▸ About this exercise
Print out every line of the material exactly. Include no pictures.

▸ The data

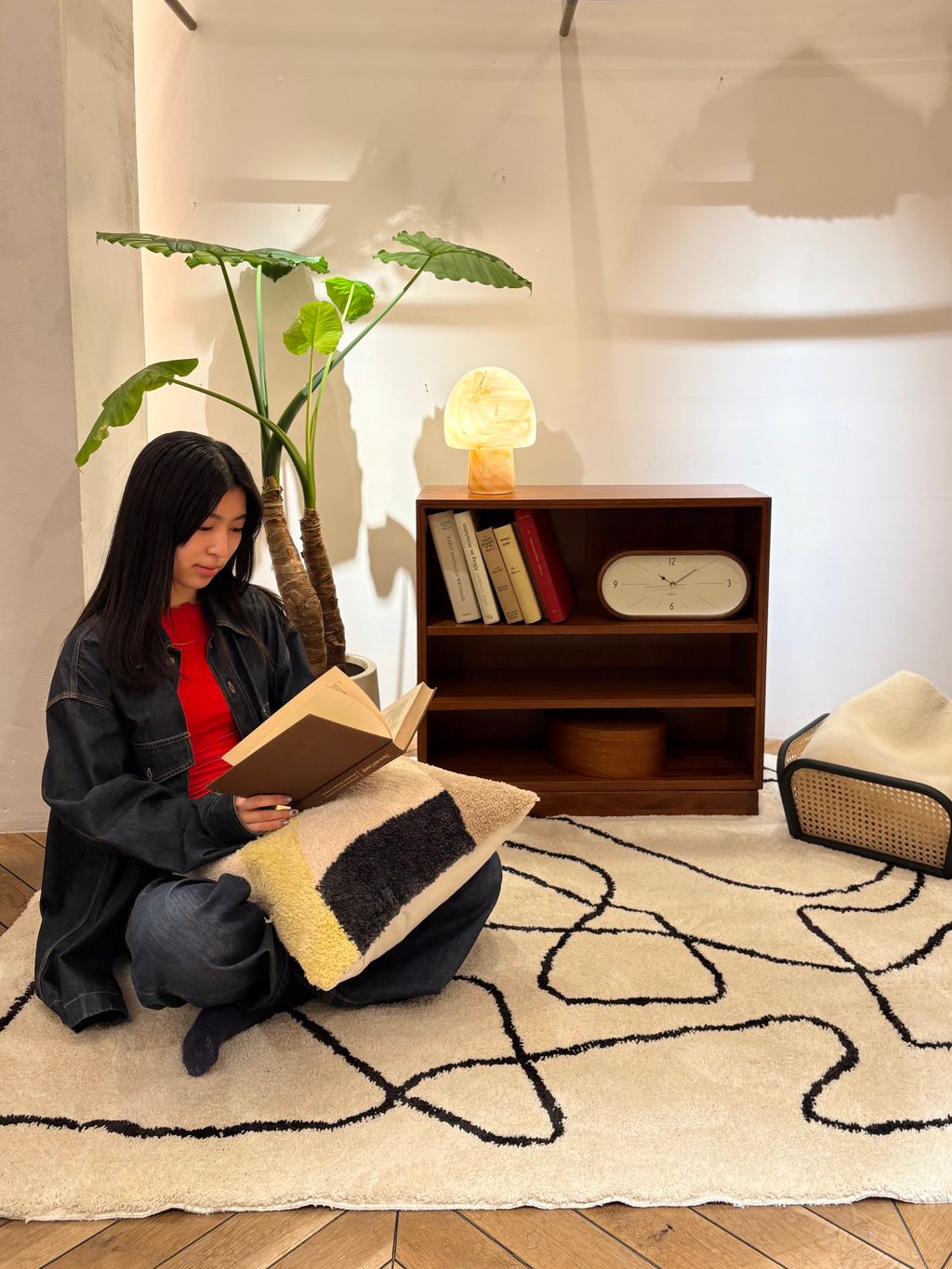 JOURNAL STANDARD FURNITURE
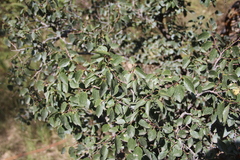 Celtis planchoniana
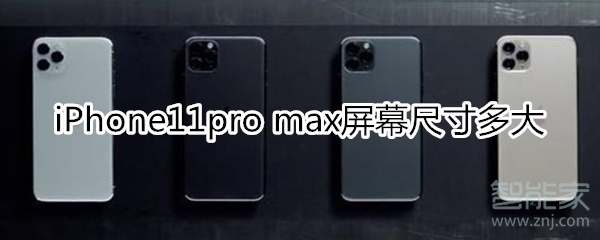 iPhone11pro max屏幕尺寸多大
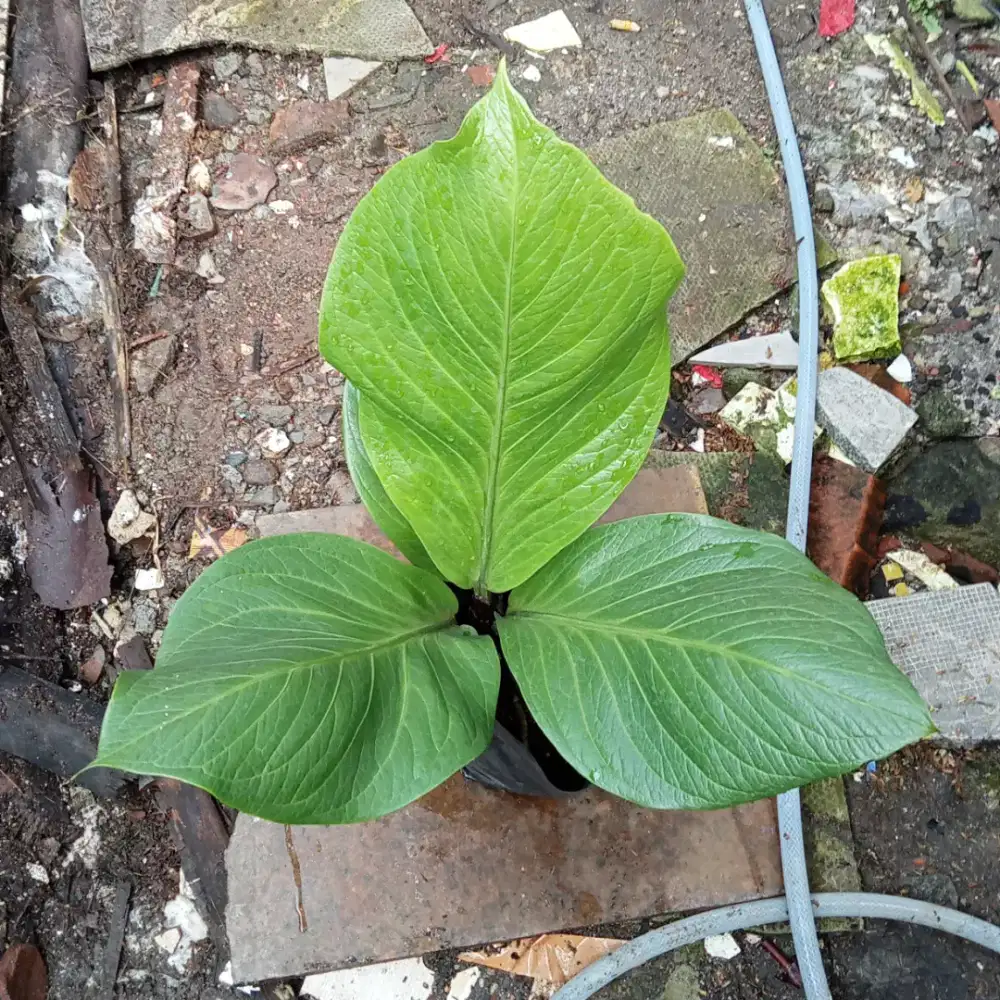 Tanaman hias anthurium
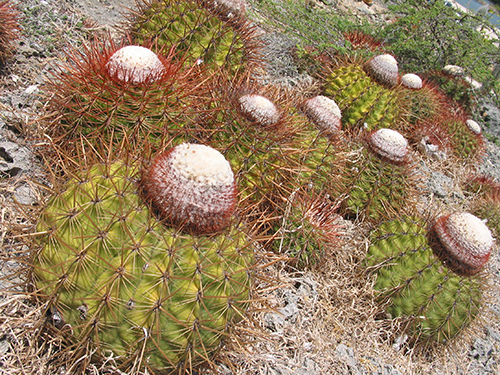 Curacao Willemstad Jeep Safari Sightseeing Trip Cost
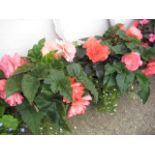 Pair of non stop begonias patio tubs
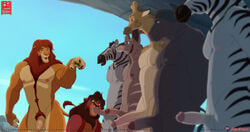 6+boys 7boys anhes anthro anthro_only balls disney gay giraffe happy_trail kovu lion male male_only oral penis pubic_hair simba the_lion_king yaoi zebra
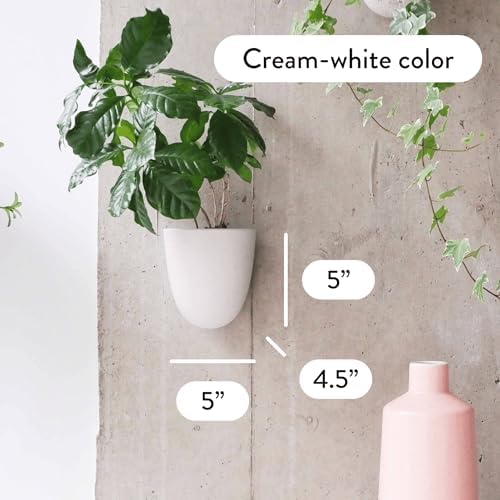 Make Good PlantPod Luxe - Self-Watering Wall Planters (Set of 6) - Easy to Water and Install - Lightweight - Design Your Own Vertical Garden - Wall Planters for Indoor Plants - Image 2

▸ Task response
 JOURNAL STANDARD FURNITURE
 Celtis planchoniana
 iPhone11pro max屏幕尺寸多大
 Tanaman hias anthurium
 Curacao Willemstad Jeep Safari Sightseeing Trip Cost
 Pair of non stop begonias patio tubs
 6+boys 7boys anhes anthro anthro_only balls disney gay giraffe happy_trail kovu lion male male_only oral penis pubic_hair simba the_lion_king yaoi zebra
 Make Good PlantPod Luxe - Self-Watering Wall Planters (Set of 6) - Easy to Water and Install - Lightweight - Design Your Own Vertical Garden - Wall Planters for Indoor Plants - Image 2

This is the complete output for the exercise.